While she always insisted that Cadbury’s Black Magic (the English version) was her favorite, Godiva became an easily acceptable second choice. It was my sister’s idea to use the signature gold boxes as centerpieces at our mother’s surprise 70th birthday party. And a few years later, on the day my mother and father finally moved to an apartment in an assisted-living facility near us, I bought her a box of Godiva to ease the transition.
By then, Alzheimer’s disease had tangled her brain but not her disposition, and each time she wandered back and forth in her strange new home, she noticed the shiny box on the counter anew. “And who brought me this?” she’d exclaim with girlish delight, as if seeing it for the first time instead of the fifth or sixth. Never had I received so much praise for one small purchase.
She lasted in that apartment only a year. Alzheimer’s was a ruthless invader, decimating everything in its grasp, and worse, leaving my father weak and depressed, as if he were the collateral damage in this silent war. Caring for her was killing him. One day we celebrated her birthday, the next day she entered the alternative universe that is an Alzheimer’s unit.
No chocolate there. Until a new ritual arose, born of necessity. I’d generally stop for coffee before a visit, to fortify myself, and one time I was accompanied by my youngest daughter, for whom I bought a cup of hot chocolate to make a difficult experience a little more palatable. When she couldn’t finish it, we offered the remaining, cooled beverage to my mom.
She grabbed the cup and hung onto it like a dog on a bone, drawing long, deliberate sips.
“Oh, that’s gorgeous,” she said, reaching to drink more.

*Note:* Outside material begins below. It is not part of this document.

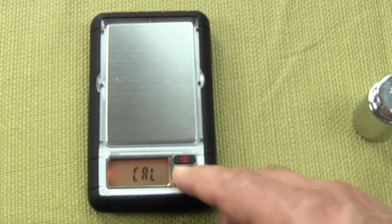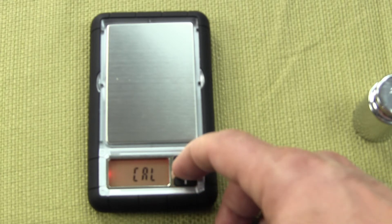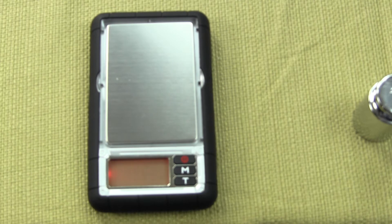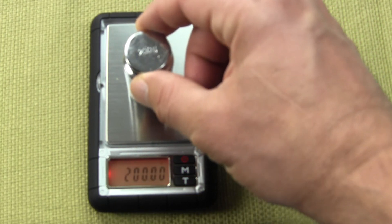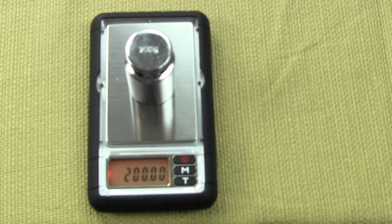Press it a second time. The scale will now flash the required calibration weight — it is a 200 gram weight. The calibration weight is an optional accessory, so you need to have your own 200 gram weight. The LCD shows "pass" and then it returns to the active weighing mode.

From then on, I brought her hot chocolate on every visit, until she could no longer swallow. It was the one thing I could do to make her happy. And she’d invariably tell me, “That’s gorgeous” — the last predictable and lucid phrase I would hear her say.
She died on a warm, humid day. The birthday flowers I had brought a week earlier were sapped of their vitality, waiting like a fading sentry at the foot of her bed for permission to depart. The death rattle that so horrified me as I stayed with her the previous night had been replaced by the slow, shallow breathing of someone in the process of leaving this world.
A close relative joined our little vigil, bringing a box of Godiva that had grown soft in the midsummer heat. I ate mine slowly, of course. Some of the sweet, chocolaty coating stuck to my finger, and I reached over to gently rub it on my mother’s dry lips.
She died about an hour later.
So it seems only fitting that a woman who passed away with her favorite chocolate on her lips be feted annually with the likes of rich double-chocolate gelato, profiteroles doused with whipped cream and dark sauce and, this past year, a mile-high sundae stuffed with so many unctuous ingredients that I lost count. Four of her five grandchildren made it to the last outing — considering their far-flung lives, a real achievement — and before digging into our ice cream, cake and fondue, we lifted a spoon or fork and toasted the woman who would have oohed with delight at the spread before us.
It was gorgeous, Mom.
Jane Eisner is Editor of the Forward.